» Problem details: Exclude the pictures and reproduce exactly the lines that run from the one holding "Q7 Consumer Holiday Survey 2023" to the end of the entries below.

Segment Start: Data for analysis

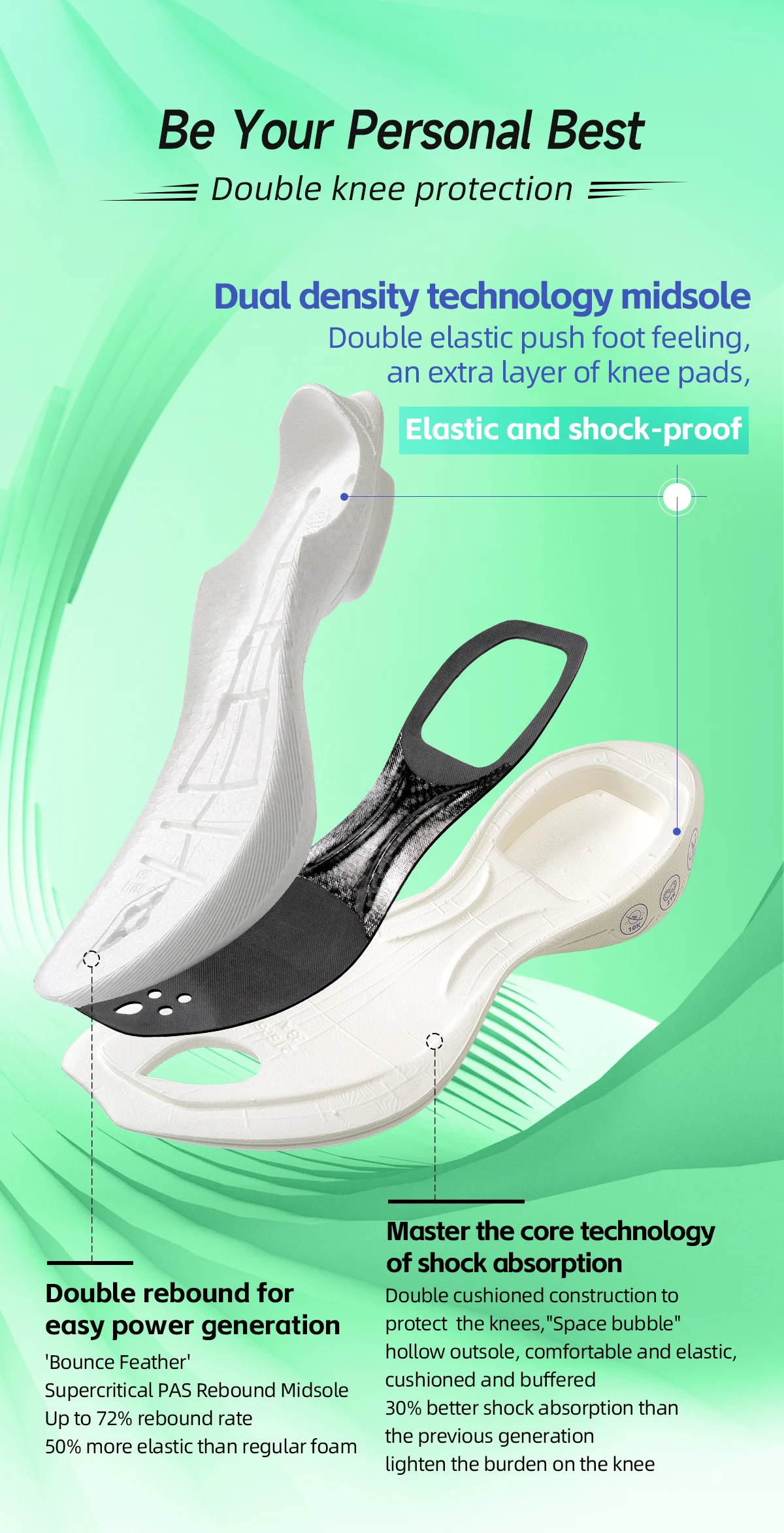 Ultra-light Rebound Athletic Sneakers 12 Ultra-light Rebound Athletic Sneakers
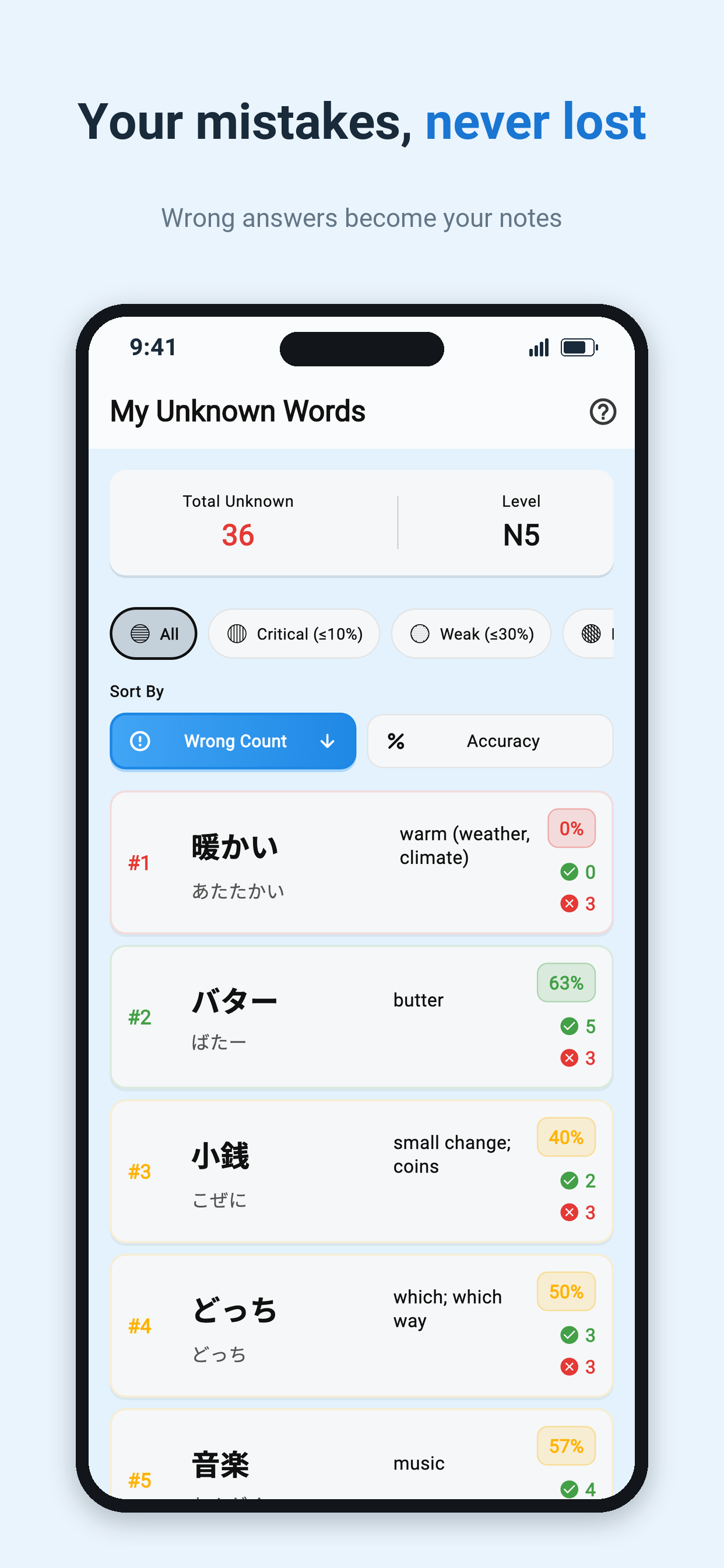 JLPT Vocab N5-N1 Kanji Raku screenshot 6
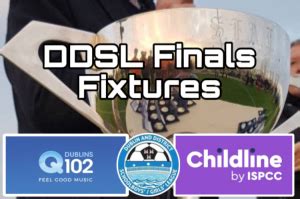 ddsl fixtures|ddsl rules.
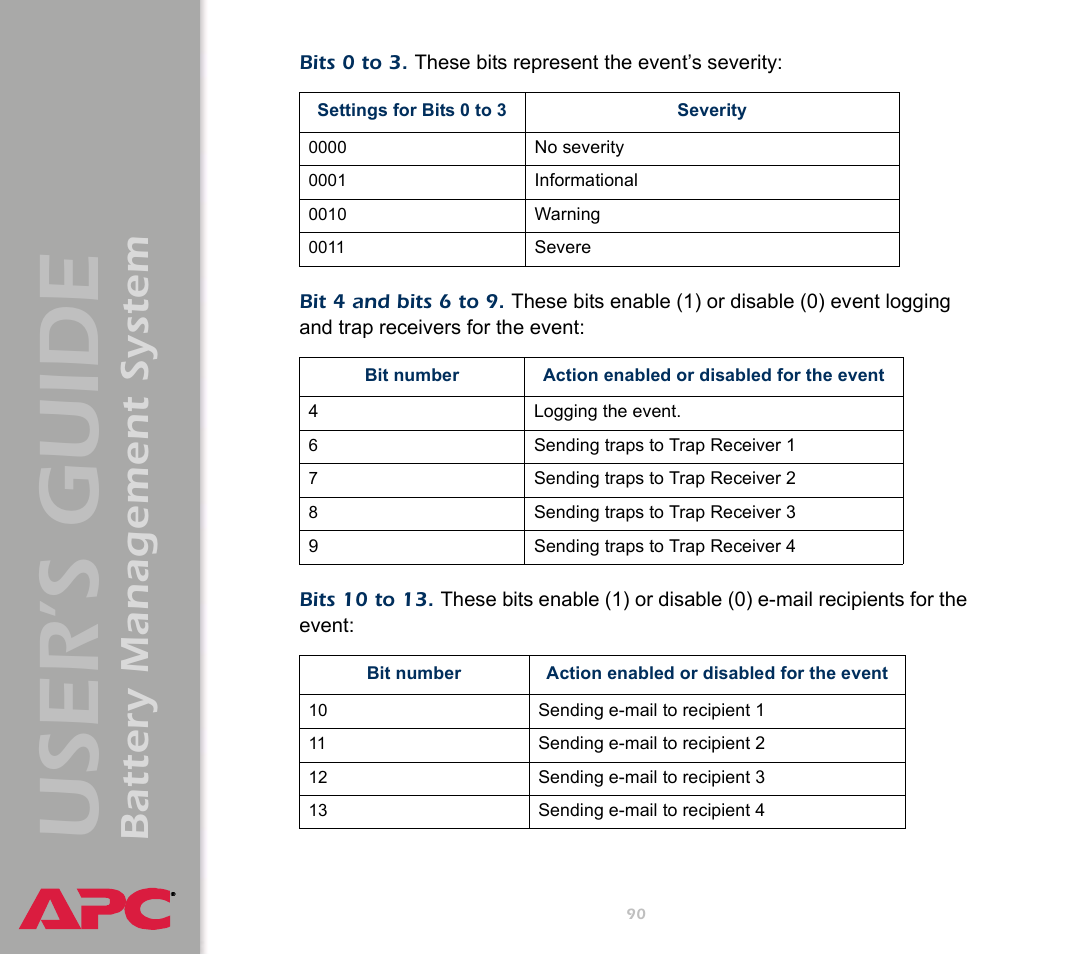 User’s guide, Battery management system | APC Battery Management System User Manual | Page 97 / 194
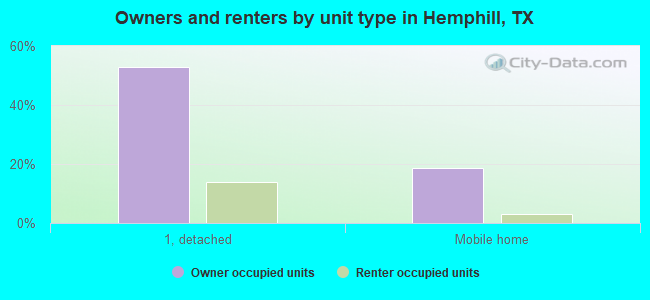 Owners and renters by unit type in Hemphill, TX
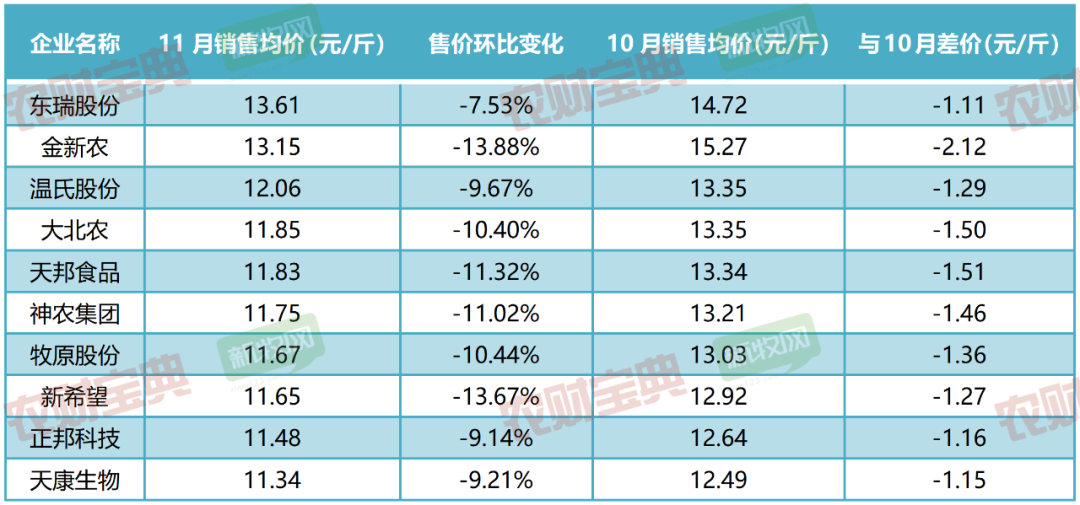东瑞、金新农卖猪价超13元/斤  大北农出栏均重最高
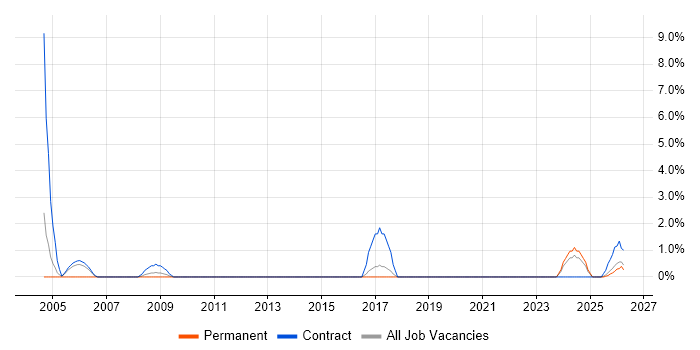 Implementation Consultant job vacancy trend in North Wales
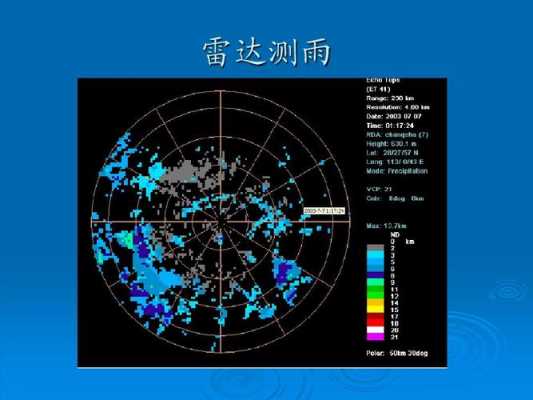  下雨雷达故障「一下雨雷达就乱叫的检测办法」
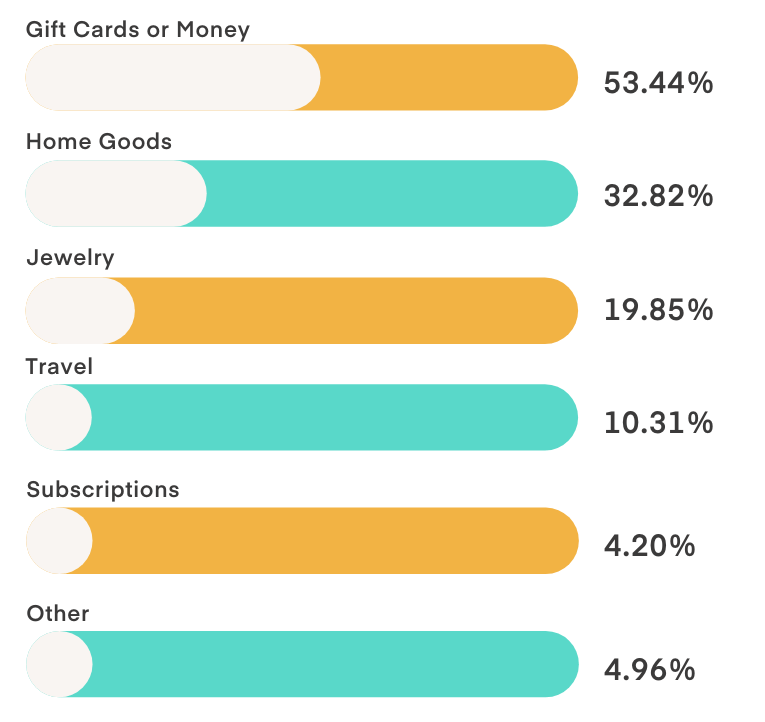 Q7 Consumer Holiday Survey 2023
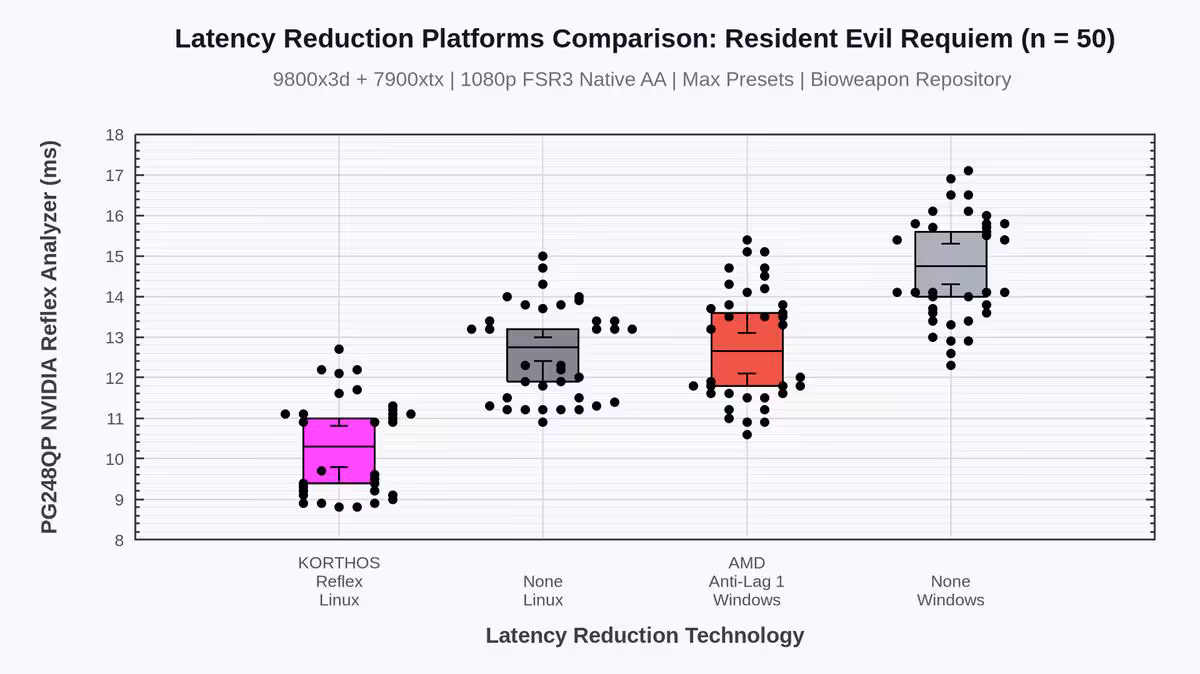 Graphique comparatif de latence Resident Evil Requiem avec Reflex Linux, Anti-Lag 1 et Windows.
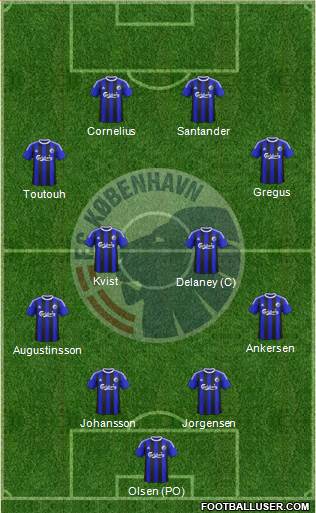 Football Club København Formation 2016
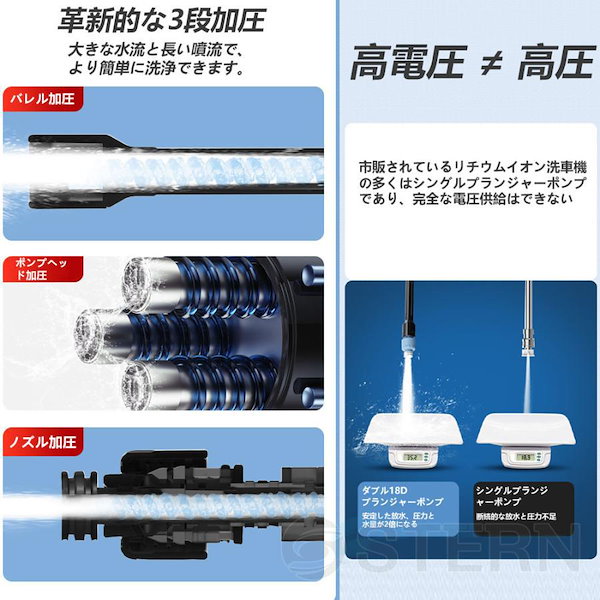 コードレス マキタ18Vバッテリー対応 ハンディ 強力 家庭用 洗車タオル 高圧洗車機 小型 電動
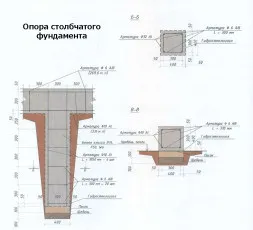 Cтолбчатий фундамент з ростверком інструкція по зведенню! (Фундамент) Cтолбчатий фундамент з ростверком інструкція по зведенню!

Segment End: Data for analysis

» Answer:
 Q7 Consumer Holiday Survey 2023
 Graphique comparatif de latence Resident Evil Requiem avec Reflex Linux, Anti-Lag 1 et Windows.
 Football Club København Formation 2016
 コードレス マキタ18Vバッテリー対応 ハンディ 強力 家庭用 洗車タオル 高圧洗車機 小型 電動
 Cтолбчатий фундамент з ростверком інструкція по зведенню! (Фундамент) Cтолбчатий фундамент з ростверком інструкція по зведенню!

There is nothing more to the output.